John (played by John McIver) separates from his long-time boyfriend (played by Andrew Cormier) and finds himself connecting with a woman he frequently meets on the train (played by Emily Dallas). After sleeping with her and finding he has a genuine emotional connection, John begins to question if he is gay but he struggles to make a decision. It all leads to a dinner party with the boyfriend, the girlfriend, and the boyfriend's father (played by Stuart Bentley) who all plead with John to make up his mind and choose the life he wants. In the end, John does come to a conclusion but the resolution is left a little open.

I had trouble connecting with John as a protagonist. I was frequently frustrated and saw no real change in his character despite the stated high stakes. As a plot, I'm not sure how I feel about a story that is about a man who refuses to make choices and is essentially yelled at for an hour and forty-five minutes. It doesn't lend itself to a lot of action or movement so matter the skill of the team putting on this story, I would have found myself bored.

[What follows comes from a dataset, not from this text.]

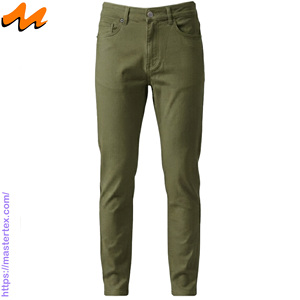 Pantalon décontracté pour homme MASTER TEXTILE, coupe slim, extensible, confortable, teint en pièce, léger, tissé sergé, respirant, fermeture boutonnée, rivets - Product Image 2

Director Conrad Belau has set up the Motel theatre with a reflective floor (a fact which had me distracted wondering if all of the actors were wearing styled leggings) and four chairs to mark the different locations. With quick transitions and a focus on the actors rather than the set, it enabled the audience to give all their energy to the performers and the text. However, the lack of set and few text clues offered some confusion about setting or whether location truly mattered for most of the scenes, leading me to wonder if there wasn't a better way to note time transitions.

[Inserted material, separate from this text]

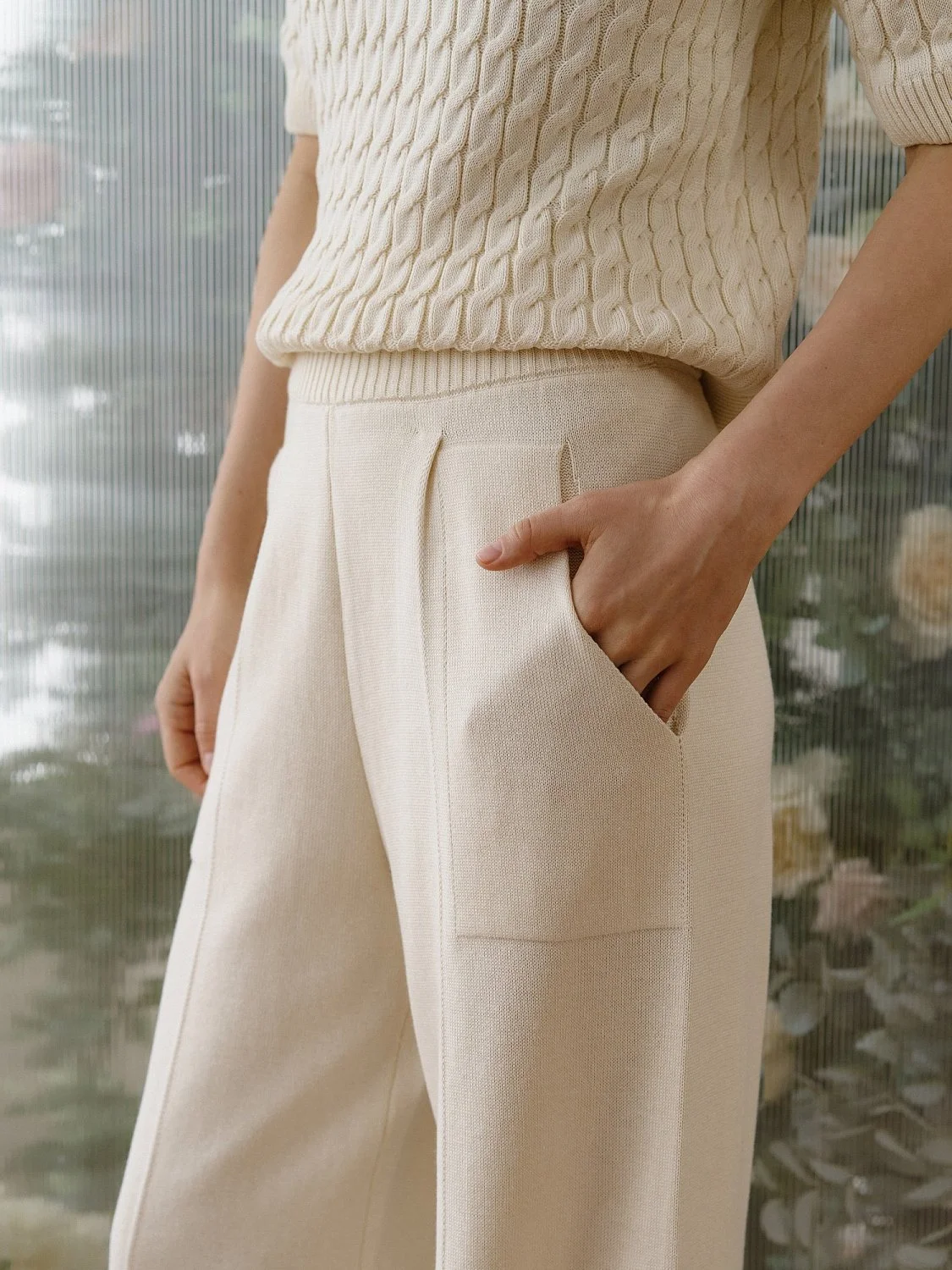 Брюки цв.сливочный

I liked the concept of Jordan Wieben's costume design. I felt it left the actors eternally exposed in a dramatically necessary way and with one exception, I understood why they put on clothes as a form of armor for hiding. I think it was a simple thing that efficiently communicated the character's emotional state.

I am very happy to see more shows employing the use of an intimacy director - regardless of the show's rating or how many scenes may require it. With Cock, there is a fair amount of touching and sexual language so I am glad to see the subject matter be taken seriously. That said, I felt a disconnect between John and his two lovers; a lack of focus or grounding from John and I couldn't say if it was a fitting character choice or a comment on the actor.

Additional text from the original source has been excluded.